## TASK OBJECTIVE
Retype all the records below exactly as they are, with no image carried over.

○ ○ ○ ○

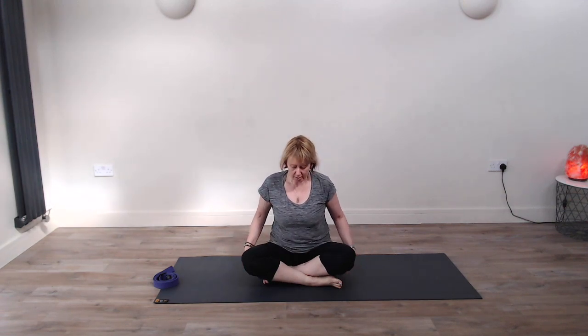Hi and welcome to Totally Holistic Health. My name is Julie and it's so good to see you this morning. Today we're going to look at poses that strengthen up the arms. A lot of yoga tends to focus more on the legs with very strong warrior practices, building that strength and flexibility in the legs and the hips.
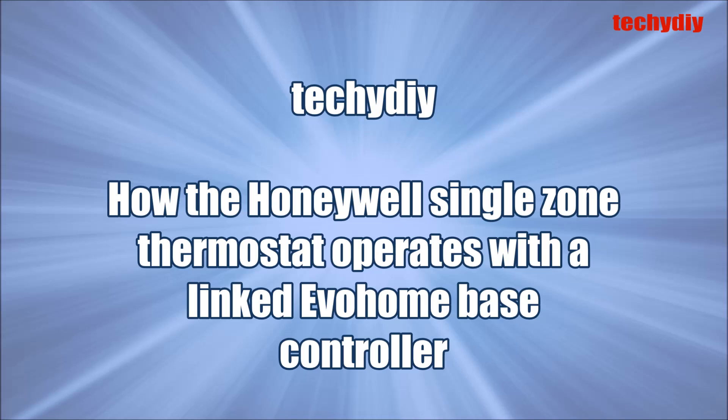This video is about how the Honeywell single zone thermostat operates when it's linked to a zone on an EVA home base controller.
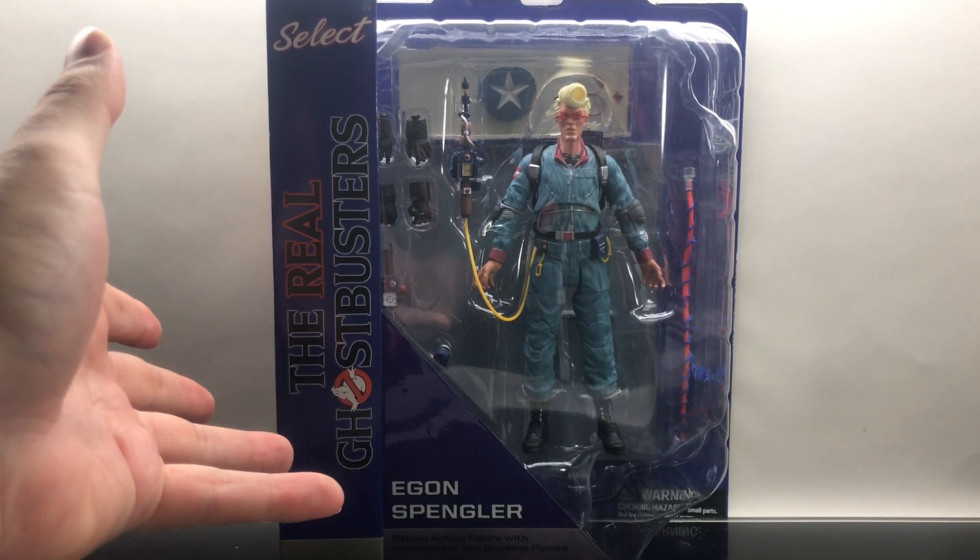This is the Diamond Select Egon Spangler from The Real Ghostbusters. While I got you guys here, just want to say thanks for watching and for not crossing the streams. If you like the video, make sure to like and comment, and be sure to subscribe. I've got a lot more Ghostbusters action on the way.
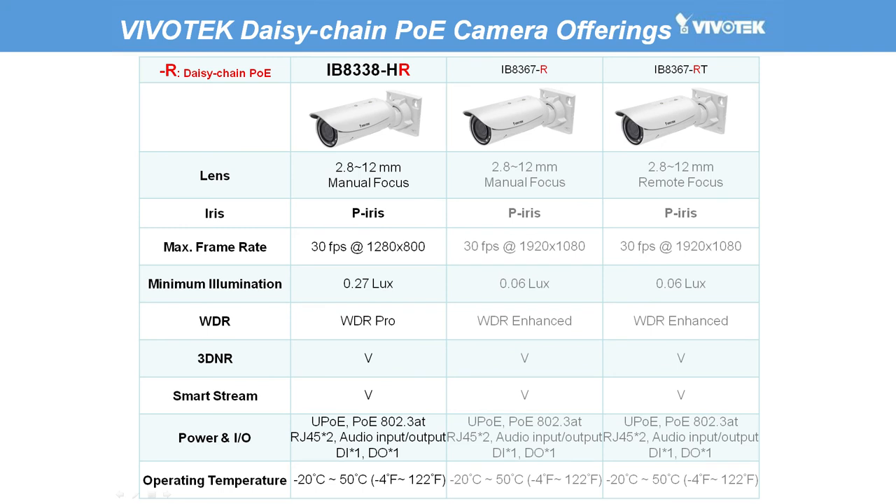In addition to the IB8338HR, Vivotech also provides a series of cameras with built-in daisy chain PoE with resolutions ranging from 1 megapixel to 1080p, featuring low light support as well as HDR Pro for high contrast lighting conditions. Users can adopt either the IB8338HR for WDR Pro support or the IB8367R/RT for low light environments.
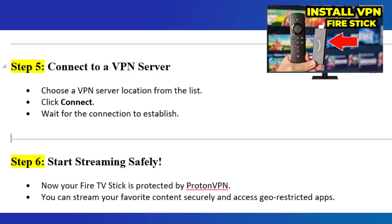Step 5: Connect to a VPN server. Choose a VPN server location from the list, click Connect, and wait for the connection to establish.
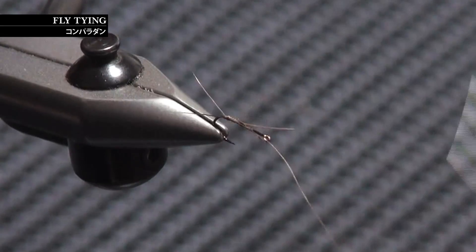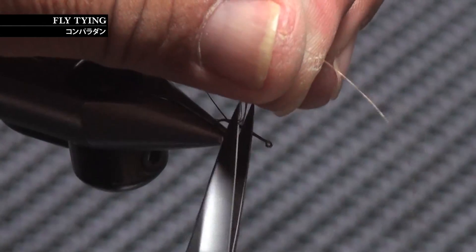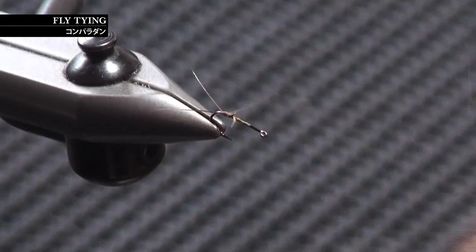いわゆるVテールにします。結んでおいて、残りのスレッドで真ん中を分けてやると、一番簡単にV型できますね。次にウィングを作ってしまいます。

○ ○ ○ ○

## ANSWER BOX
Hi and welcome to Totally Holistic Health. My name is Julie and it's so good to see you this morning. Today we're going to look at poses that strengthen up the arms. A lot of yoga tends to focus more on the legs with very strong warrior practices, building that strength and flexibility in the legs and the hips.
This video is about how the Honeywell single zone thermostat operates when it's linked to a zone on an EVA home base controller.
This is the Diamond Select Egon Spangler from The Real Ghostbusters. While I got you guys here, just want to say thanks for watching and for not crossing the streams. If you like the video, make sure to like and comment, and be sure to subscribe. I've got a lot more Ghostbusters action on the way.
In addition to the IB8338HR, Vivotech also provides a series of cameras with built-in daisy chain PoE with resolutions ranging from 1 megapixel to 1080p, featuring low light support as well as HDR Pro for high contrast lighting conditions. Users can adopt either the IB8338HR for WDR Pro support or the IB8367R/RT for low light environments.
Step 5: Connect to a VPN server. Choose a VPN server location from the list, click Connect, and wait for the connection to establish.
いわゆるVテールにします。結んでおいて、残りのスレッドで真ん中を分けてやると、一番簡単にV型できますね。次にウィングを作ってしまいます。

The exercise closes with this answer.